Neither a proximate nor a remote analogy therefore, can be drawn from that decision to reinforce the plea of the Revenue.

16. The decision of the apex court in Hindson Automobiles [1955] 6 STC 660 is also of no avail to the Revenue in face of the unequivocal

enunciation in Commissioner of Income Tax, West Bengal, Calcutta Vs. Raja Benoy Kumar Sahas Roy,

17. The belt pulley used in a truck and also sold as a spare part otherwise was held by the apex court in State of Punjab Vs. Hindsons (P) Ltd.,

not to be an agricultural implement. It was observed that such a belt pulley if used in a truck may increase its utility in agricultural operations, but

that by itself would not make it an agricultural implement. This decision as well in the opinion of this Court, does not advance the case of the

Revenue as the machine involved herein is a ""power tiller"" and not any part of or accessory thereof common to any other device. This is more so,

as the utilization of ""power tillers"" in some agricultural activities is admitted by the Revenue.

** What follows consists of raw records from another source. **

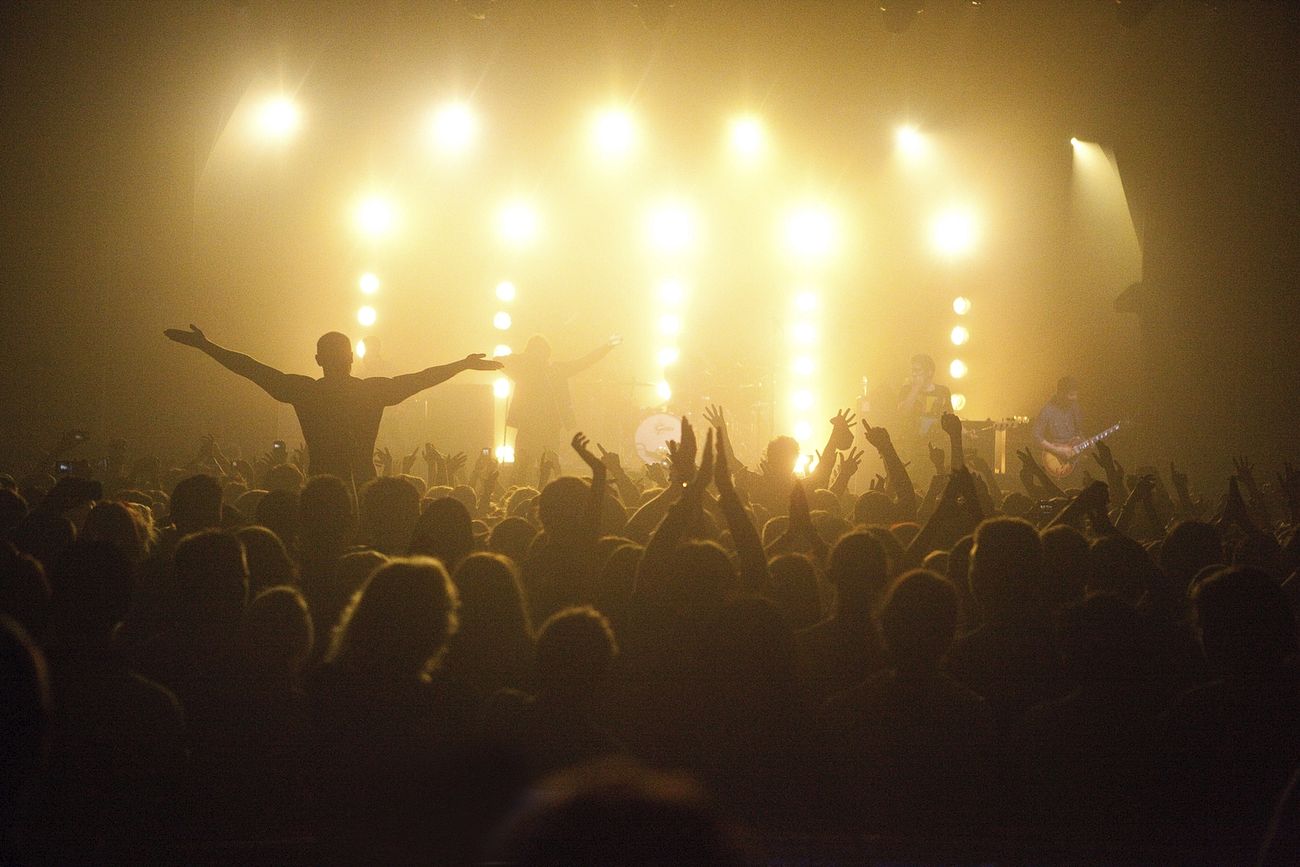 this is black and white image of a concert. the image is taken from the back of the room, with the stage at the centre of the image. In the foreground is the crowd, all of whom have their back to the camera, facing the stage. Lots of people in the crowd have their hands in the air and clapping. One person has been elevated from the crowd onto someone's shoulders, and has their arms outstretched. The stage has bright lights on it, meaning that the band members are hard to see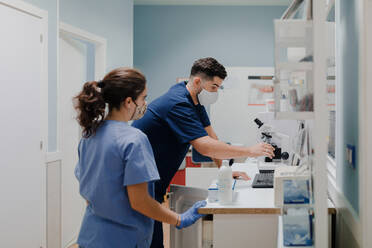 Side view of crop anonymous male medic in uniform and mask using microscope while working in lab near woman colleague - ADSF22624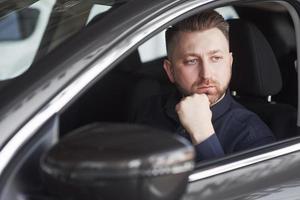 esperando empleado. hombre con ropa oficial probando su auto nuevo en el salón del automóvil foto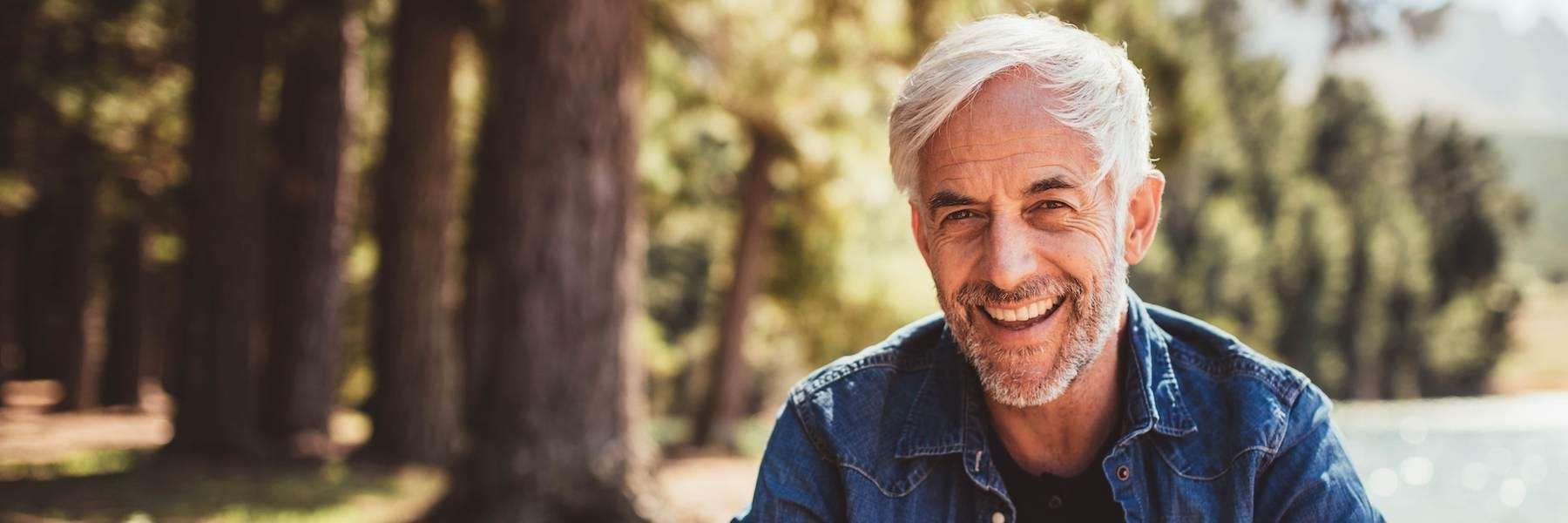 Coeur d’Alene man smiling after getting dental implants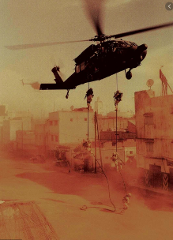 A Blackhawk helicopter hovers over a dusty urban landscape as soldiers descend on ropes toward the ground.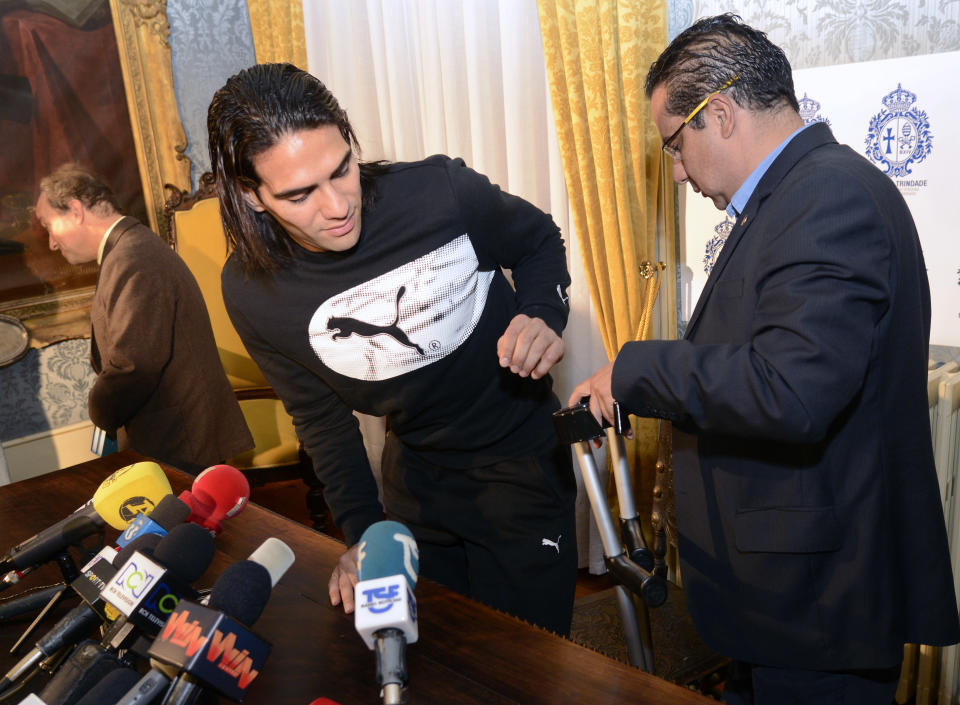 Colombian soccer star Radamel Falcao is helped with his crutches by Doctor Carlos Ulloa, right, also from Colombia after a press conference at the Trindade Hospital in Porto, Portugal, Monday, Jan. 27, 2014. Colombia and Monaco's striker Falcao is in a race against time to get fit for the World Cup in June after undergoing knee surgery Saturday, Jan. 25, with his doctor giving him a better than 50-50 chance of making it. (AP Photo/Paulo Duarte)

18. The apex court while dilating on the elementary norms of interpreting statutory enactments, expounded in Polestar Electronic (Pvt.) Ltd. Vs.

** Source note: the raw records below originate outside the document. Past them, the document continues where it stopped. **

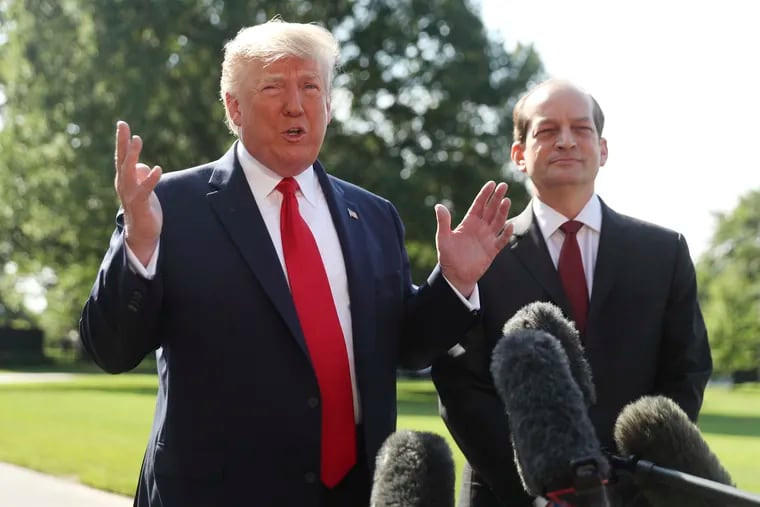 President Donald Trump speaks to members of the media with Secretary of Labor Alex Acosta on the South Lawn of the White House, Friday, July 12, 2019.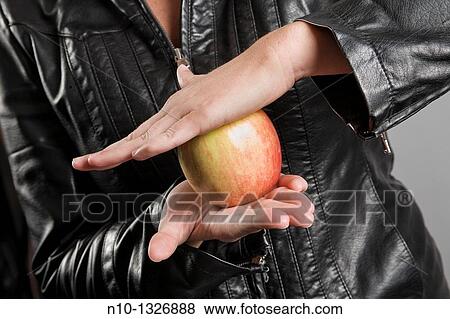 Young woman holding an apple View Large Photo Image Stock Photo - Young woman holding an apple. Fotosearch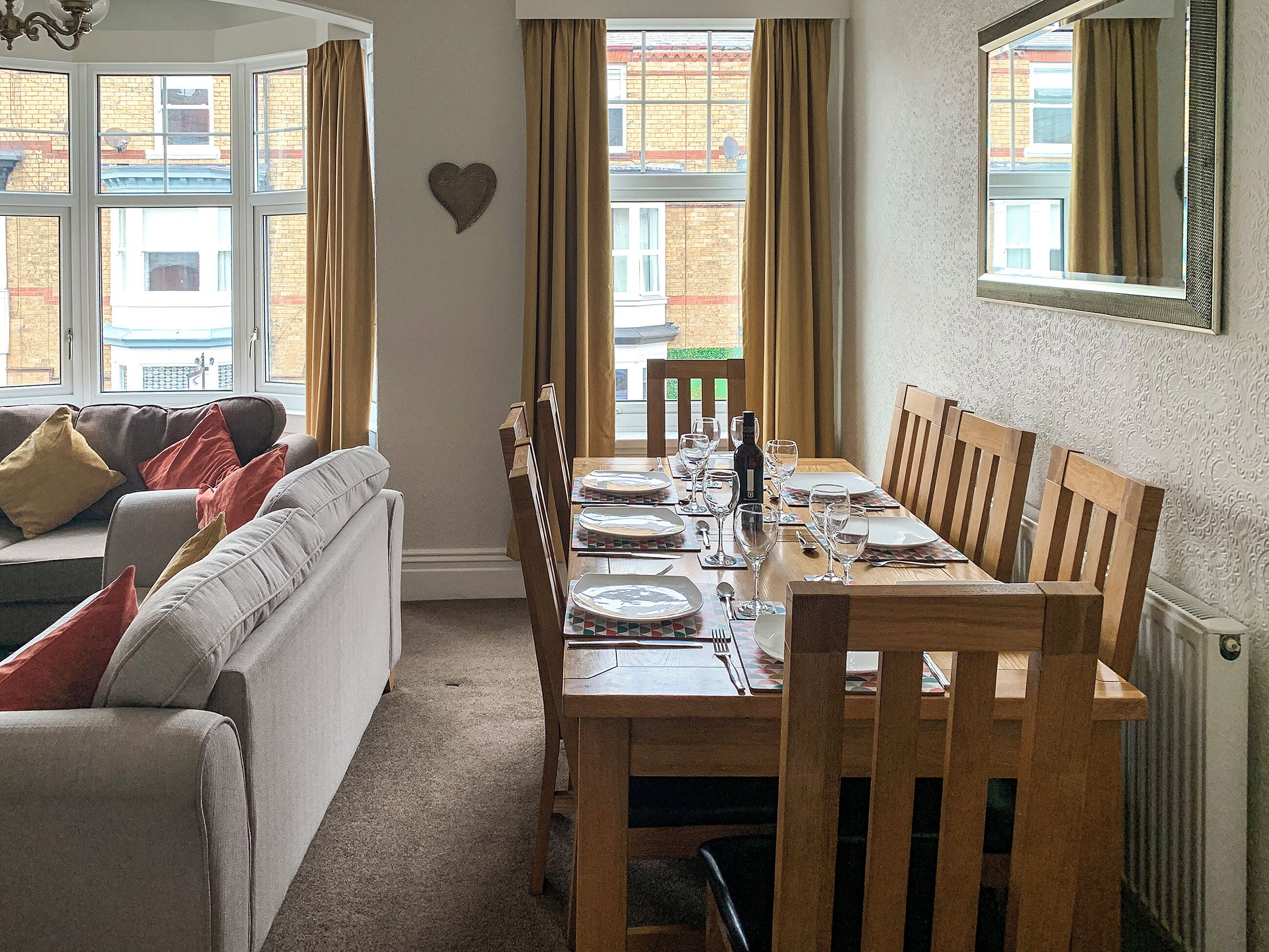 A dining area with a wooden table set for four, a sofa with cushions, and a heart-shaped decoration on the wall.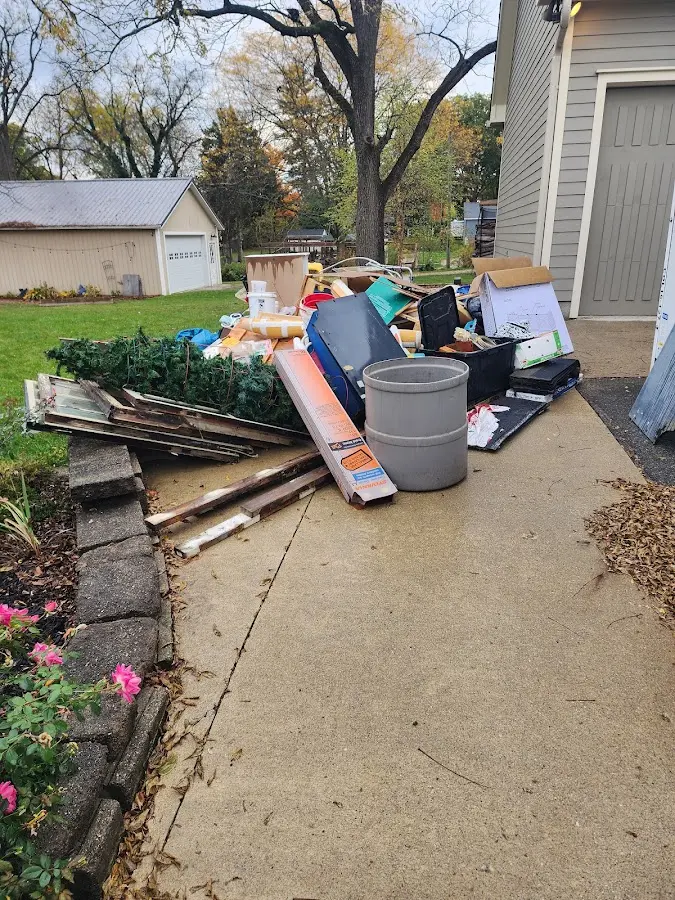 Dumpster being loaded with debris for Demolition Dumpster Rental in Mint Hill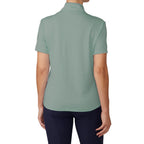 Person wearing a light green polo shirt on a white background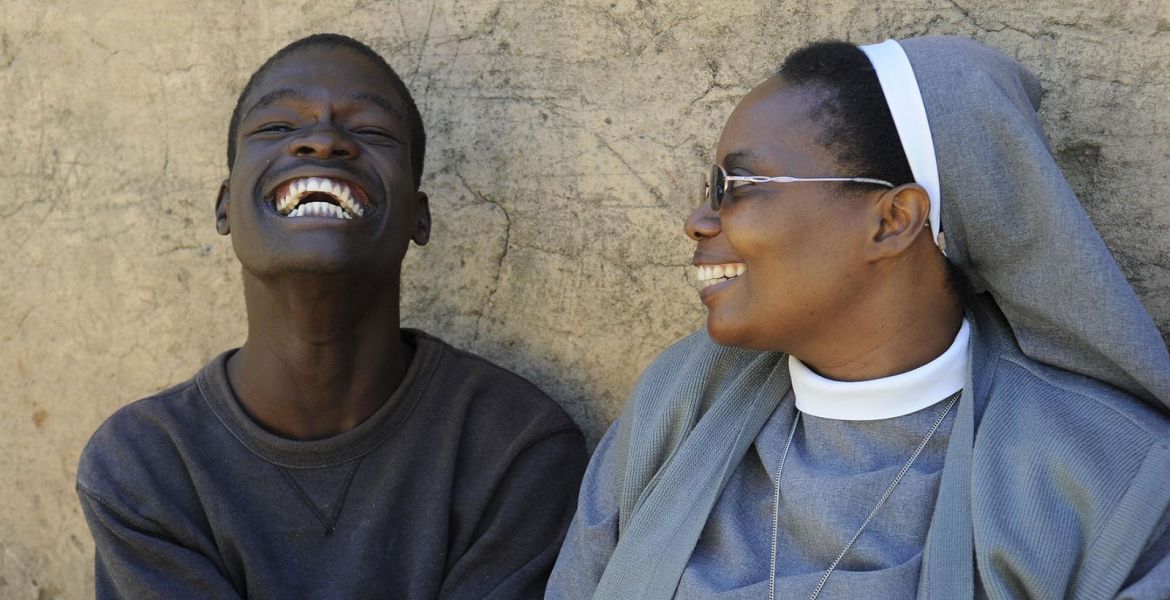Eine Schwester lächelt einen lachenden Mann aus Sambia an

Additional Commissioner, Sales Tax and Another, that the intention of the Legislature should be gathered from the language used by it and it is not

permissible for the court to speculate the same. It would be impermissible for it to hypothesize as to what the Legislature must have intended to and

then condition the language of the statute to make it accord to the presumed intention of the Legislature. It quoted with approval the rendering in

Cape Brandy Syndicate v. Commissioners of Inland Revenue [1921] 1 KB 64 that there is no presumption as to tax and there is no room for any

intendment. It was held that if the Legislature had failed to clarify its omission by use of appropriate language, the benefit must go to the tax-payer

and that even if there is any doubt as to interpretation, it must be resolved in favour of the subject. The same view was reiterated in substance in T.

N. State Electricity Board [2007] 7 SCC 636.

19. That the burden is on the Department to establish in the facts of a given case that the goods in question can by no conceivable reasoning be

brought either to any of the tariff items so as to take resort to the residuary item was underlined by the apex court once again in Hindustan Poles

Corporation Vs. Commissioner of Central Excise, Calcutta,

20. The unsubstantiated plea of the legislative intendment of exclusion of power tillers from the purview of agricultural implement contemplated in

entry 1 of the Second Schedule to the Act, in the absence of any tangible and persuasive materials on record in support thereof thus cannot

validate the order impugned. The fact that the same rate of tax for an agricultural implement envisaged in entry 1 of the Second Schedule to the Act

as well as ""power tillers"" on its insertion in entry 65 thereof has been maintained, cannot also be lost sight of. Had it been the intention of the

Legislature to distinguish a ""power tiller"" from an agricultural implement, within the meaning of entry 1 of the Second Schedule to the Act, there

would have been a clear indication to that effect either in the Act or in the notification effecting the amendment. The inclusion of power tiller in clear

terms in entry 65 though may be viewed as an endeavour to set at rest any possible controversy with regard to its identity and entitlements as an

agricultural implement, in the considered opinion of this Court, the same ipso facto does not signify that at the commencement of the Act, such a

recognition was neither in contemplation nor approved by the law makers.

21. On a totality of the considerations as hereinabove, the clarification provided by the Commissioner of Taxes as corrected by order in M.C. No.

2014 of 2009 dated August 5, 2009, Assam vide the impugned order cannot be sustained in law and on facts. The petitioners'' endeavour to

obtain the same u/s 105 of the Act does not disentitle it to question the unfavourable finding under article 226 of the Constitution of India.

Axiomatically therefore, the impugned order dated December 23, 2008 and the consequential show-cause notice dated December 29, 2008 are

hereby quashed.

22. The petition is allowed. No costs.